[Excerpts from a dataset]
* * *

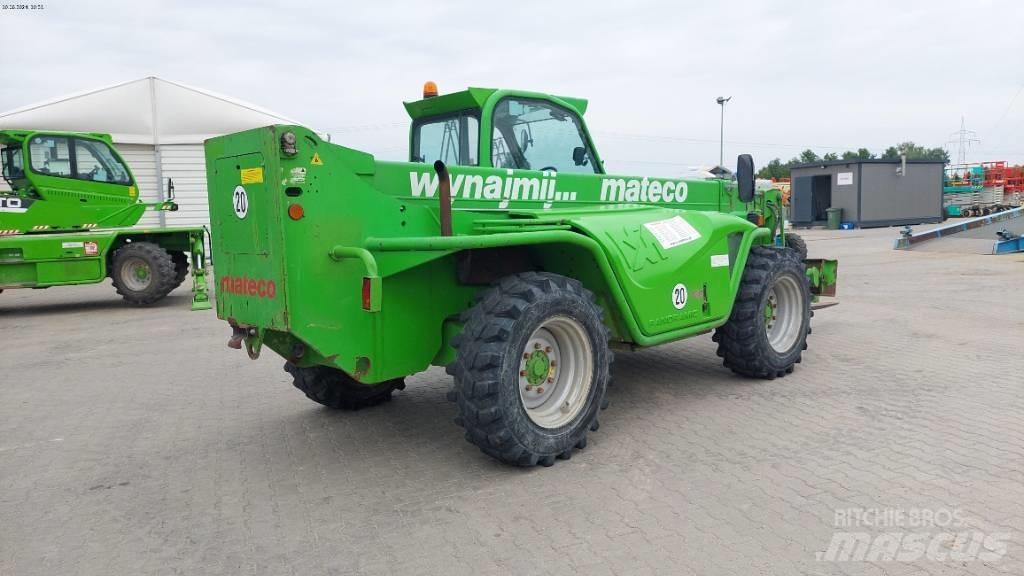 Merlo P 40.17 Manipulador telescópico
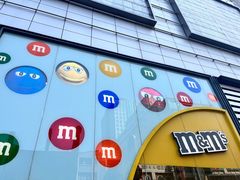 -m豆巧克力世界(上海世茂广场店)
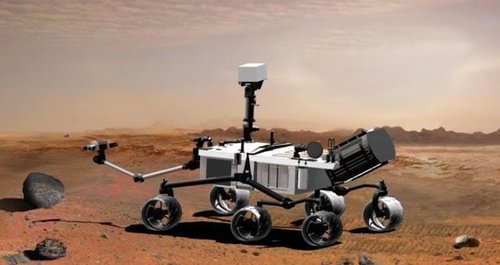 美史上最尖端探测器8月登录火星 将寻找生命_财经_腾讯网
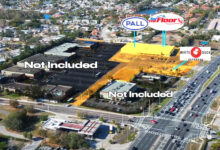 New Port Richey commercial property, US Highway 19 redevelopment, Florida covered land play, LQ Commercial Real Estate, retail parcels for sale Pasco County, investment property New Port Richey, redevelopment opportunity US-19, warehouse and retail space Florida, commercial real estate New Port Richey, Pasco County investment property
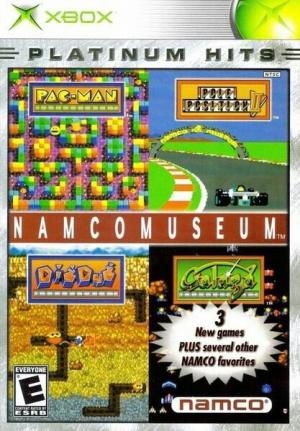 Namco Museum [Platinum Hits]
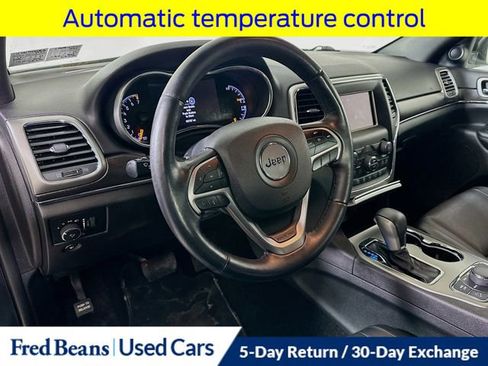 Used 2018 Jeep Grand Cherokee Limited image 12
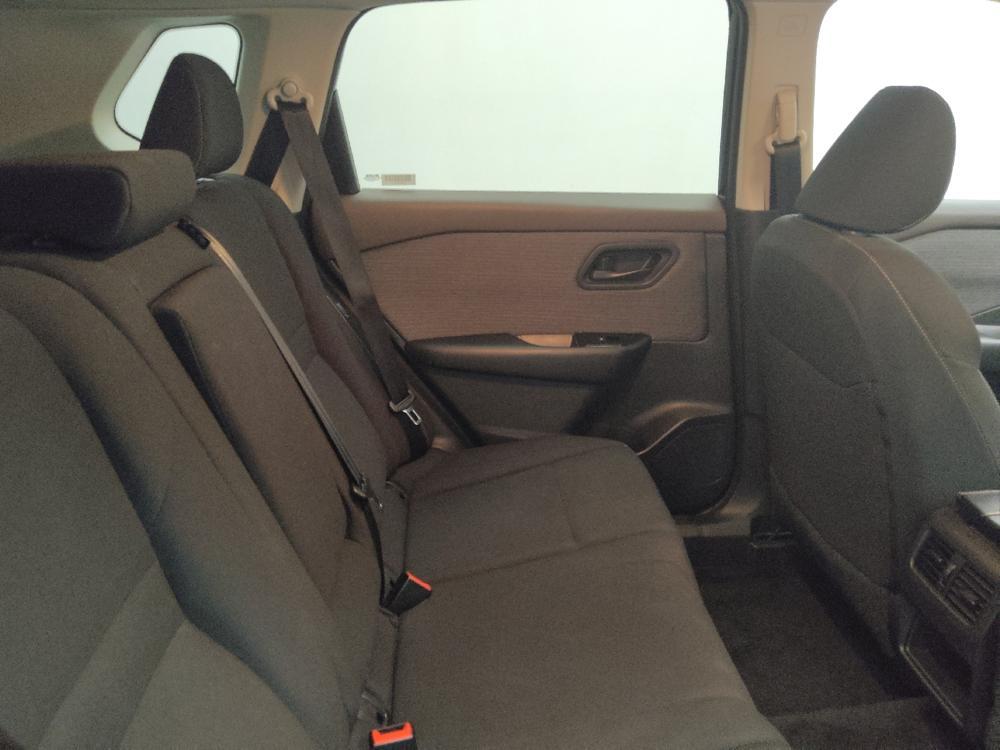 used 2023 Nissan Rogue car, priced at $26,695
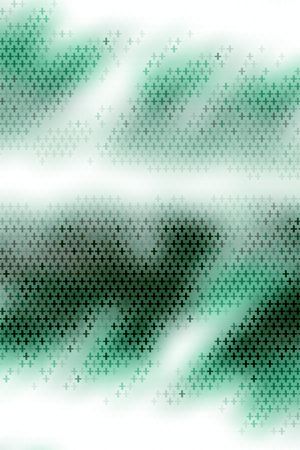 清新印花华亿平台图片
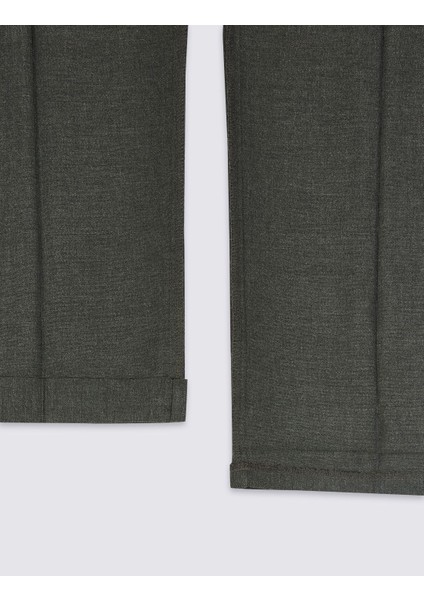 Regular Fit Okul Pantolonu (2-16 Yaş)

* * *

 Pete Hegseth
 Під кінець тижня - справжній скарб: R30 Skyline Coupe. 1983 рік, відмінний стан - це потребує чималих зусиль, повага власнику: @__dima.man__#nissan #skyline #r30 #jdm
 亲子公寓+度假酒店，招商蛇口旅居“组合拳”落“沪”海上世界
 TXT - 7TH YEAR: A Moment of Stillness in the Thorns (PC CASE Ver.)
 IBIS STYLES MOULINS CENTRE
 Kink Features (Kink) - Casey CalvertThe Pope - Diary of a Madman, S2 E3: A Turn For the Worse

* * *

What is required: Pictures do not belong in the answer. Return the lines above starting at the one with "Merlo P 40.17 Manipulador telescópico" and ending at the one with "Used 2018 Jeep", both kept, exactly.

Exercise answer:
 Merlo P 40.17 Manipulador telescópico
 -m豆巧克力世界(上海世茂广场店)
 美史上最尖端探测器8月登录火星 将寻找生命_财经_腾讯网
 New Port Richey commercial property, US Highway 19 redevelopment, Florida covered land play, LQ Commercial Real Estate, retail parcels for sale Pasco County, investment property New Port Richey, redevelopment opportunity US-19, warehouse and retail space Florida, commercial real estate New Port Richey, Pasco County investment property
 Namco Museum [Platinum Hits]
 Used 2018 Jeep Grand Cherokee Limited image 12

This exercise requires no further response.